All About Community: An Interview with Kaoutar Afif
Kaoutar Afif came full circle: The development intern grew up coming to Astoria for years before interning at CIANA. Pictured in Athens Square. Photo: Maria Eliades
What attracted Kaoutar Afif, a Summer 2019 Development Intern, to CIANA was location. The Roosevelt Island native grew up coming to Astoria with her parents to connect with the large Moroccan diaspora. The Barnard student speaks about her experiences growing up on the island and her work for CIANA with Director of Development and Communications Maria Eliades.
Maria Eliades: It’s interesting to me that you come to us from Roosevelt Island. Could you talk to me about what it was like growing up there? What was the community like?
Kaoutar Afif: It’s different from what the rest of the city is like. I grew up in Roosevelt Island but I went to middle school and high school in the city. Roosevelt Island was a very small, communal, residential space. You’d go outside and see almost everyone you know. It would be impossible to go outside without seeing your family, friends, your friends from school, and just anyone. I used to be able to go outside and run around all day with my siblings and my friends. That shaped my childhood a lot.
The island’s definitely changing a lot now because there has been a lot more luxury condos being built and a lot of places being driven out. The rent is getting too high. It still has that communal feel but not quite. The demographic has changed exponentially over the past few years.
ME: How does it feel coming from that and working from Astoria?

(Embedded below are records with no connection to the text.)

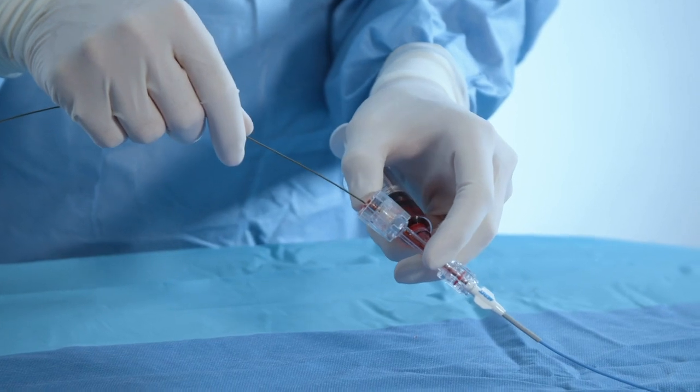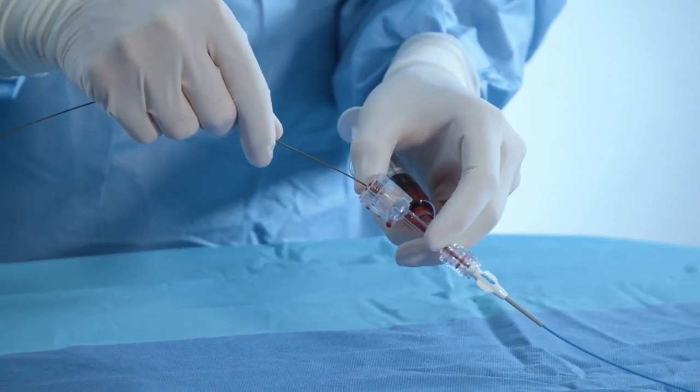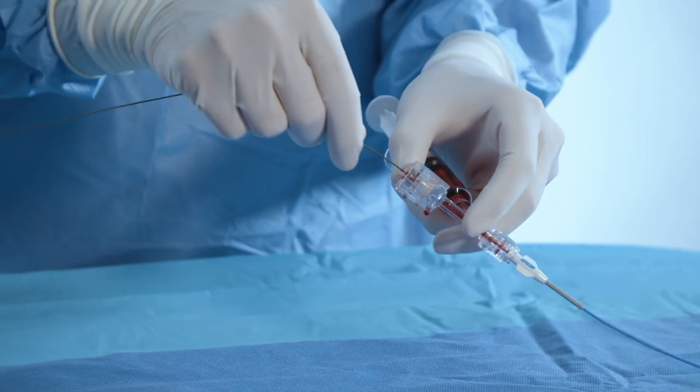The secondary push and release bleedback seal can be manipulated by pushing down on the top of the device, making it easy to manipulate the inserted equipment while maintaining hemostasis.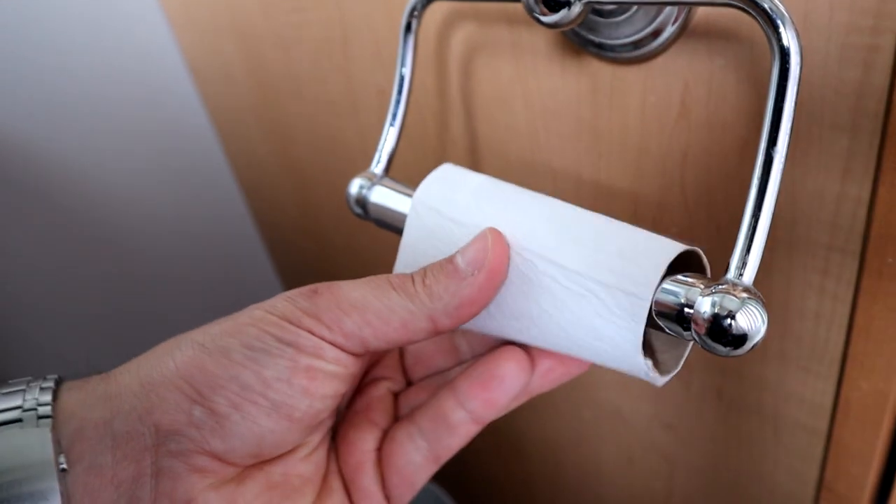A few days ago I was sent a replica Tudor Black Bay 58, and I thought what better way to review this watch than as Adrian from Barking Jack. So we're going to take a look at it right now. Say hello, Enzo. Welcome back to Jock and Back. My name's Adrian. Today we are reviewing the Tudor Black Bay Bronze Edition with Arabic numerals.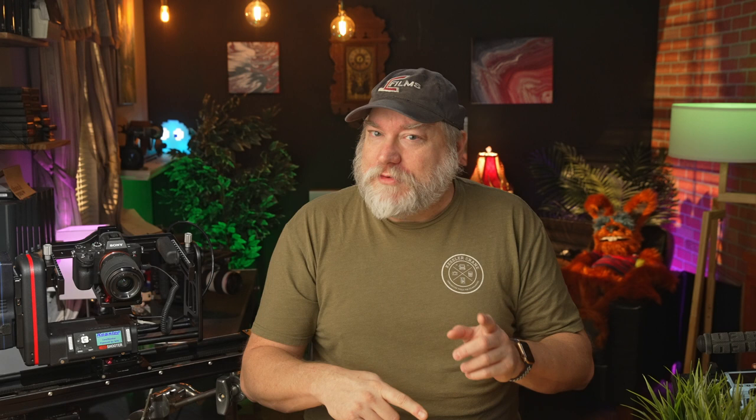Now, before we start, if you haven't already watched the overview video from Kessler, make sure to watch it first because it's important.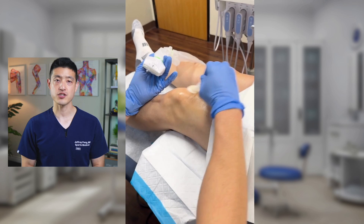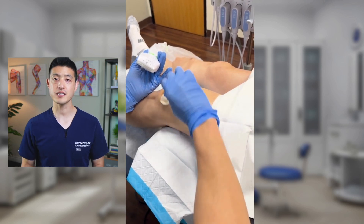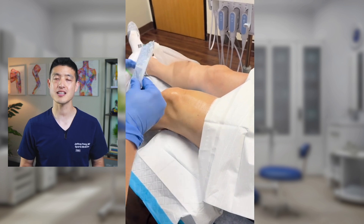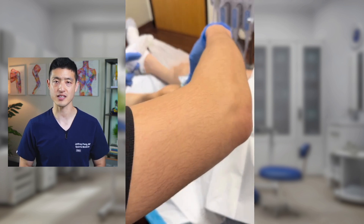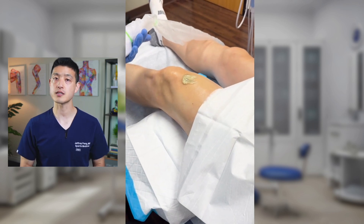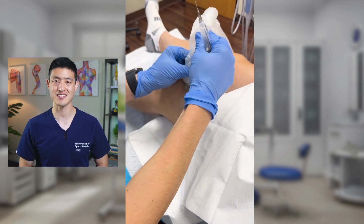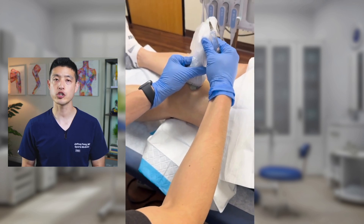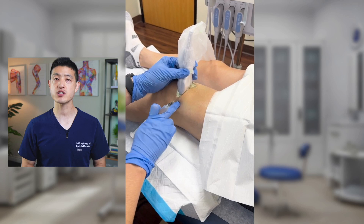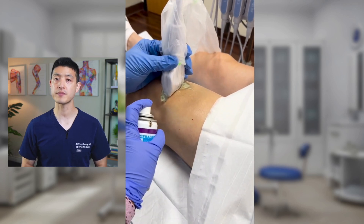Here's the same patient, but the other knee. The first thing you see me doing is just cleaning the skin. I like to use chloroprep, which is just an antiseptic solution to disinfect the skin. The next thing we do is put a little bit of ultrasound gel on the top of the knee so that I can see inside — I want to make sure we get a good image of the knee joint. Again, I tell my assistant where to spray the ethyl chloride to numb up the skin.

KA: It’s interesting because I see them paralleling each other. Astoria was really close to my heart when I was living in Roosevelt Island because it’s very close to my parent’s house. They spend a lot of time here because there’s such a big Moroccan diaspora. So it’s interesting going to Astoria now and seeing a lot more luxury condos and high-rises. I remember seeing a bunch of family and mom and pop stores, but now a lot of them have shut down. I remember the streets just being less crowded. I remember being able to run around a lot more and go to parks but it seems like more people are moving in as well.
ME: Why did you decide to intern at CIANA specifically?
KA: I’ve always had a great interest in immigrant and refugee populations. It feels very personal to me because of my family history. I remember during the academic year, I was trying to find one where I could focus on that, so somewhere in a smaller, local community where I really could get to know clients and get to know people. I didn’t really want to feel disconnected from the work I’m doing. That’s something I definitely felt before in places I’ve worked in that have been larger and in which I didn’t really get to do any hands-on work.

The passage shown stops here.